Wednesday, November 13, 2019

Object vs. subject

I’m impressed by William Taylor’s distinction between Ukraine as object (a nation to be exploited, manipulated) and Ukraine as subject (a nation seeking to exercise agency, autonomy).

Everything George Kent and Ambassador Taylor have said this morning is a rebuke to the clownish lies and obfuscations of those seeking to defend Donald Trump. High seriousness is winning the day here.

NYT commentary

The New York Times has a running commentary on today’s impeachment hearing, with eight reporters. Very helpful.

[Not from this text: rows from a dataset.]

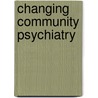 Changing community psychiatry by Unknown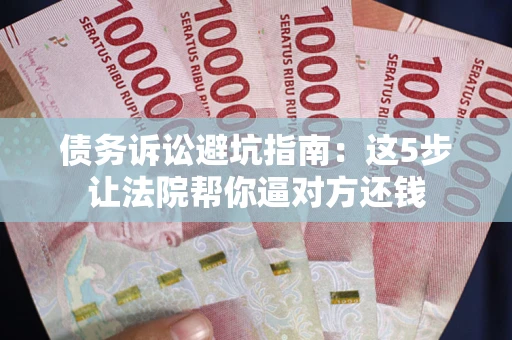 北京债务诉讼避坑指南：这5步让法院帮你逼对方还钱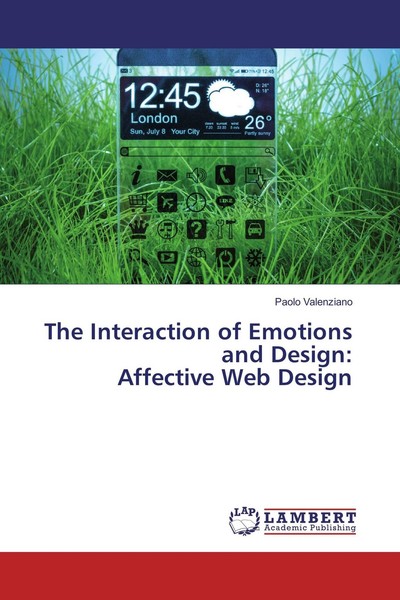 The Interaction Of Emotions And Design: Affective Web Design Paolo Valenziano-image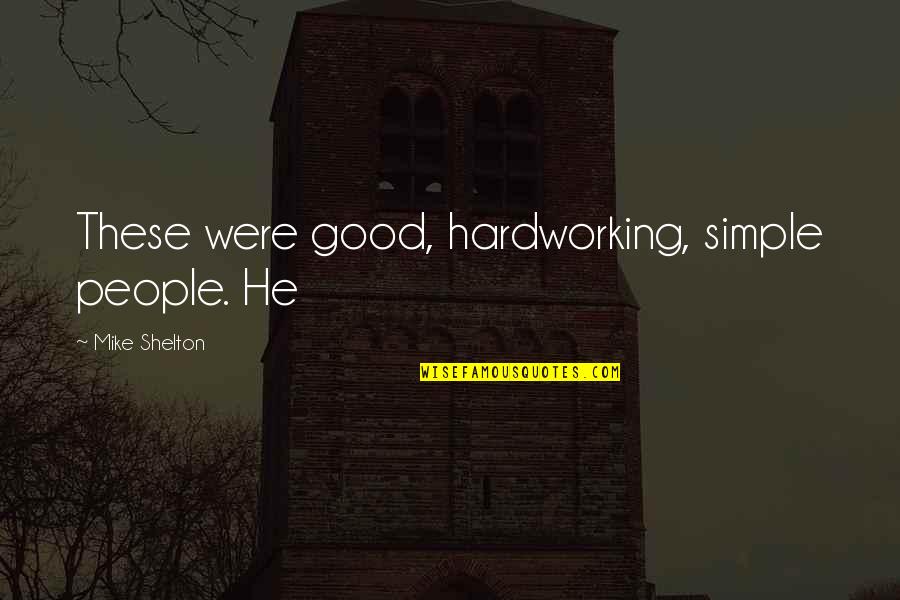 Stacha Boi Quotes By Mike Shelton: These were good, hardworking, simple people. He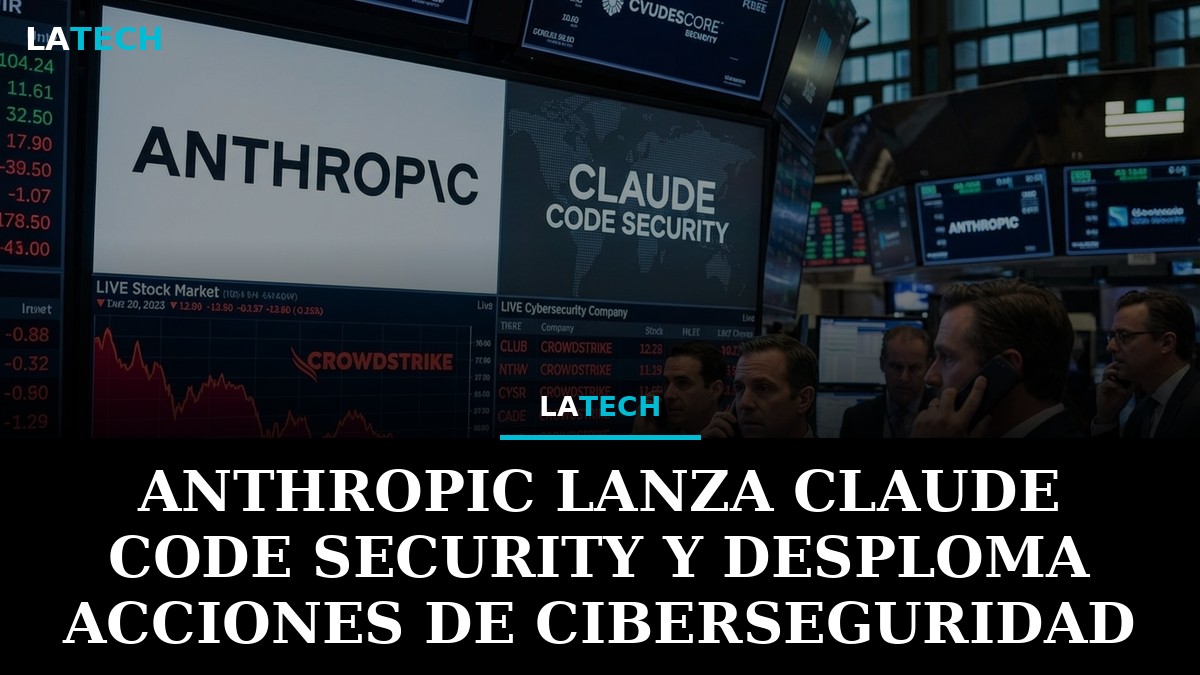 latecnologialat's tweet photo. 🔒 Anthropic lanza Claude Code Security, desplomando acciones de ciberseguridad tras su debut el 20 de febrero.

#ClaudeCodeSecurity #Anthropic #AI #CyberSecurity #LaTecnologia
https://t.co/Q3pLx6RBdt https://t.co/qhxB14CQTN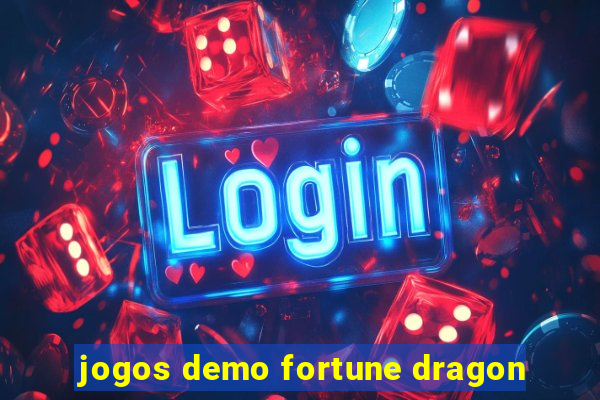 jogos demo fortune dragon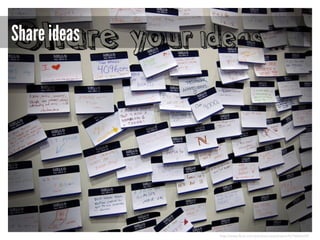 Share ideas

http://www.flickr.com/photos/nanpalmero/4278466639/

 
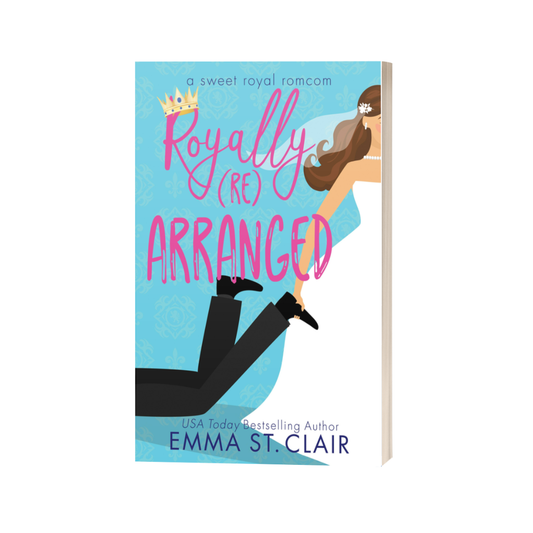 Signed Copy - Royally Rearranged by Emma St. Clair
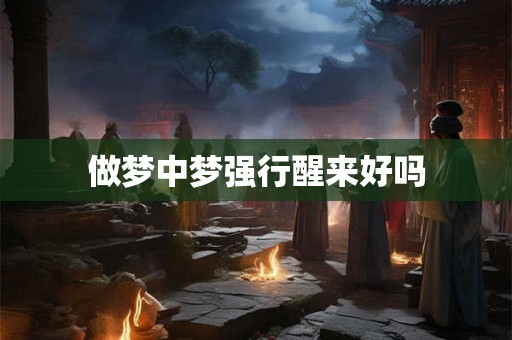 做梦中梦强行醒来好吗 做梦中梦强行醒来好吗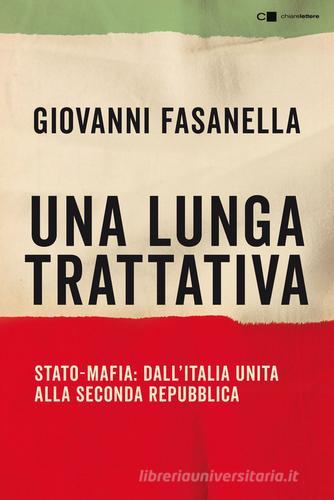Una lunga trattativa. Stato-mafia. Dall'Italia unita alla Seconda Repubblica. La verità che la magistratura non può accertare di Giovanni Fasanella edito da Chiarelettere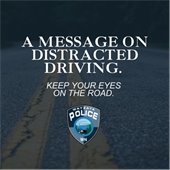 A message on distracted driving. Keep your eyes on the road.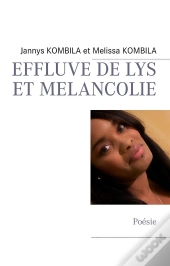 Effleuve De Lys Et Mélancolie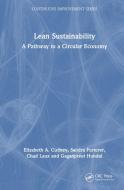 Lean Sustainability di Elizabeth A. Cudney, Sandra L. Furterer, Chad M. Laux, Gaganpreet S. Hundal edito da Taylor & Francis Ltd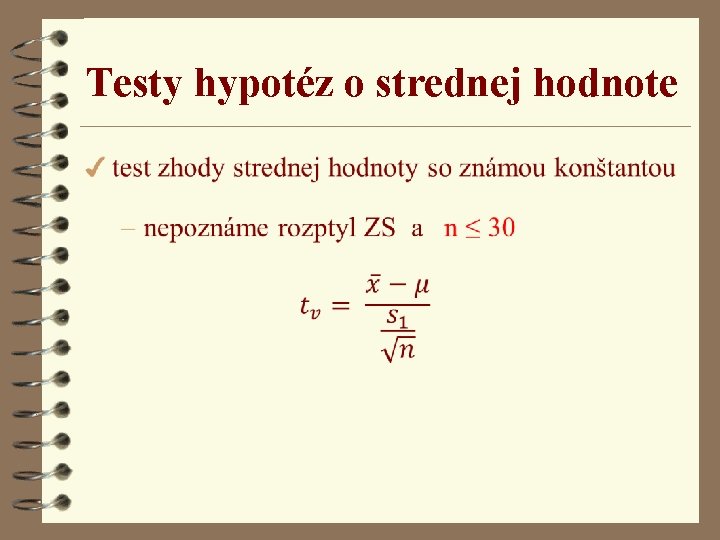 Testy hypotéz o strednej hodnote 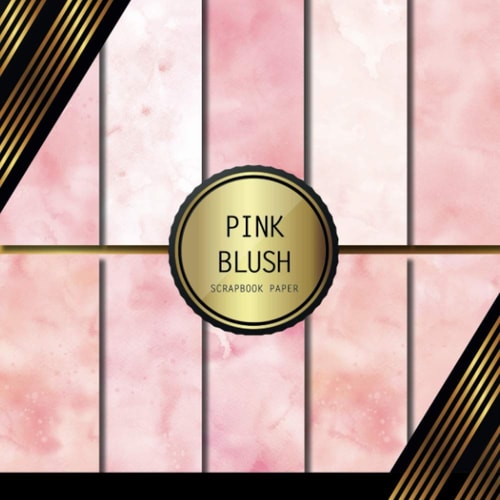 Scrapbook Paper Pink Blush: Double Sided Craft Paper For Card Making, Origami & DIY Projects Decorative Scrapbooking Paper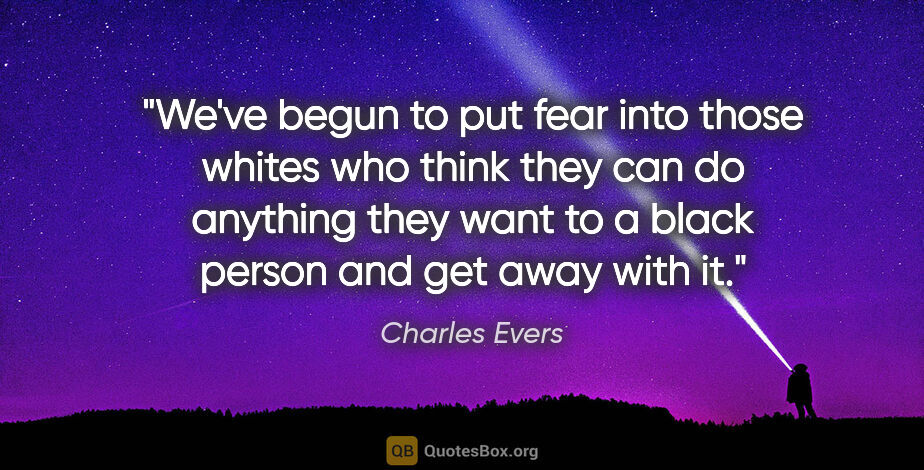 Charles Evers quote: "We've begun to put fear into those whites who think they can..."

[But so far: no mention of George Kent’s dangerously uncapped Nalgene water bottle.]

Gods and mud

I was in a colleague’s house, standing in the kitchen next to a salad bar where you weighed your plate to determine how much to pay. Then I walked downstairs to an event sponsored by my department. The gist of it: each participant, faculty member or student, chose the identity of a god and rolled around on a floor full of mud. Jesus, predictably, was already taken. “What about the Father and the Holy Spirit?” I asked. “Are they still available? Because it’s one God in three Persons. Write this down: A question from Thomas Aquinas.” I stripped to my T-shirt and underwear but couldn’t bring myself to roll in the mud, so I walked back upstairs to dress. I had two or three shirts to choose from. A friend from high school was standing next to the refrigerator. “We should really try to stay more in touch,” I said.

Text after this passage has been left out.